# Shrooms



## skulldugary (Apr 12, 2003)

AGAIN...Has anyone been out mushroom hunting or getting ready for the fall mushrooms.


----------



## StumpJumper (Nov 13, 2001)

skulldugary said:


> AGAIN...Has anyone been out mushroom hunting or getting ready for the fall mushrooms.



Well yAhhh. fOUND 3 HUGE CLUMPS OF SULPHURS THE OTHER DAY, 3 OLD MEN OF THE WOODS, oops cap lock, and a bunch of russulas and I think some milky caps, they were big yellow cone shaped shrooms.


----------



## ESOX (Nov 20, 2000)

Lets keep this on track guys.


----------



## StumpJumper (Nov 13, 2001)

My neighbors yard is loaded with rooted oudemansiella right now. They come up there every year. I fried one in butter 2 years ago and it was excellent, all the listings for it AI have found has it labeled as edible but not choice, it was choice to me.
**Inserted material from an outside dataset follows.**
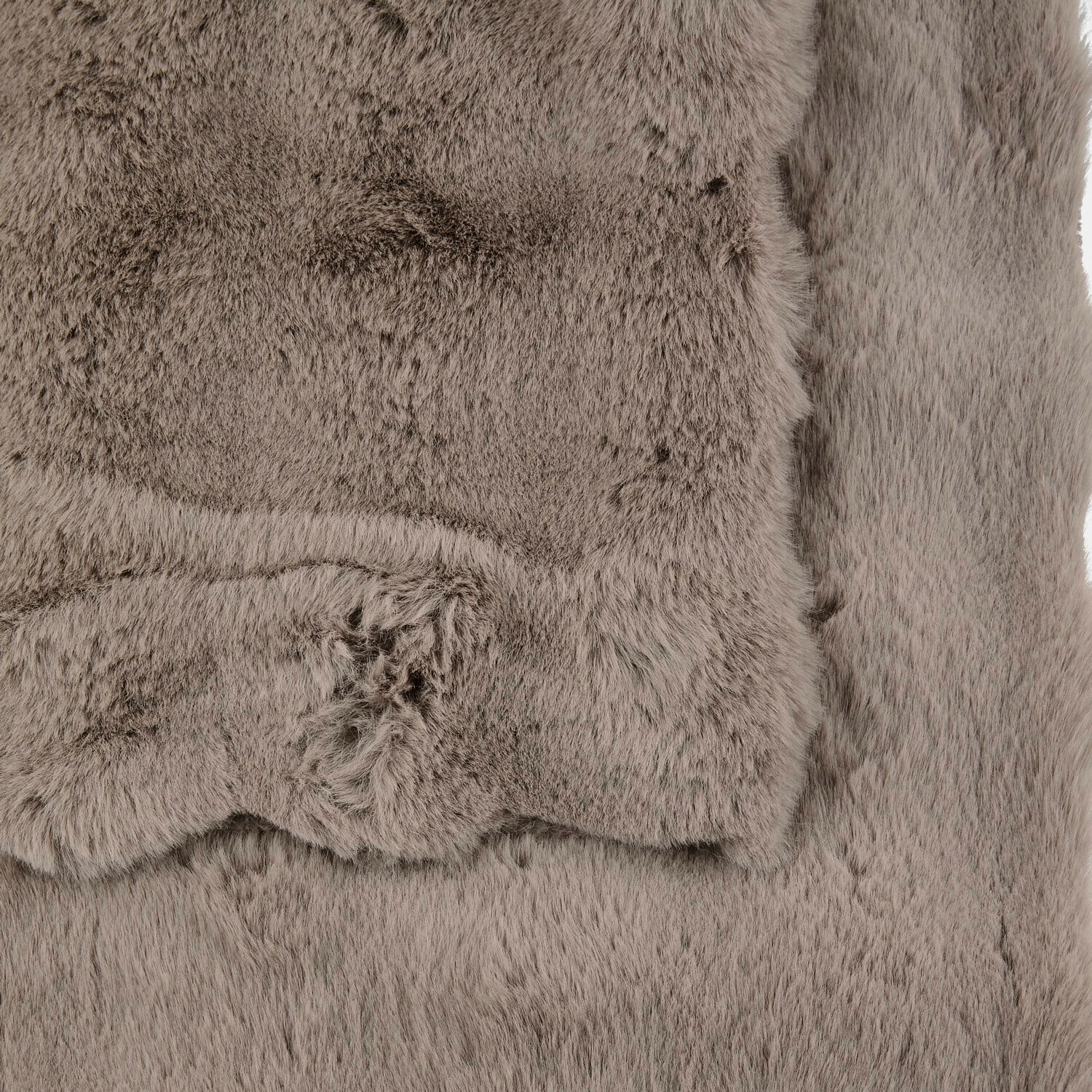 Tafelloper Galvarina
I don't pick them though. even though it has the right color spore print, identical looks, and a big root that goes into the ground, I'm still leary.


----------



## skulldugary (Apr 12, 2003)

Spore print white?


----------



## StumpJumper (Nov 13, 2001)

ya, they are really big this year too.


----------



## Lunker (Aug 27, 2001)

Big yellow chantrelles, honeys, oysters, chickens, fried chickens, tons of chestnuts, tons of bitters and blue staining , some huge mungus agaricus strand that keeps popping and rotting before i can get to them, huge milkys this year but none edible yet, just the peppery ones, some huge polypore like a chicken but white and shades of green that gets about 2 foot across, lots of black staining polypore, corals, russulas: all the red ones and charcoal burners and green topped ones... weird pure white yellowy powdered shaggy manes , ink caps out of wood chips, lots of tapioca and different colored slime molds out of those wood chips again ,lots of puffballs, still lots to come.


----------



## skulldugary (Apr 12, 2003)

Lunker,long time,not heard from ya.Glad to see you have been out.There is so many Russulas in on set of woods the smell of death is in the air from all of them rotting.


----------



## StumpJumper (Nov 13, 2001)

I found the remains of a mushroom that must've been at least 6" in dia, it was rotting into a nasty black tar, It looked like a big bolete of some sort.


----------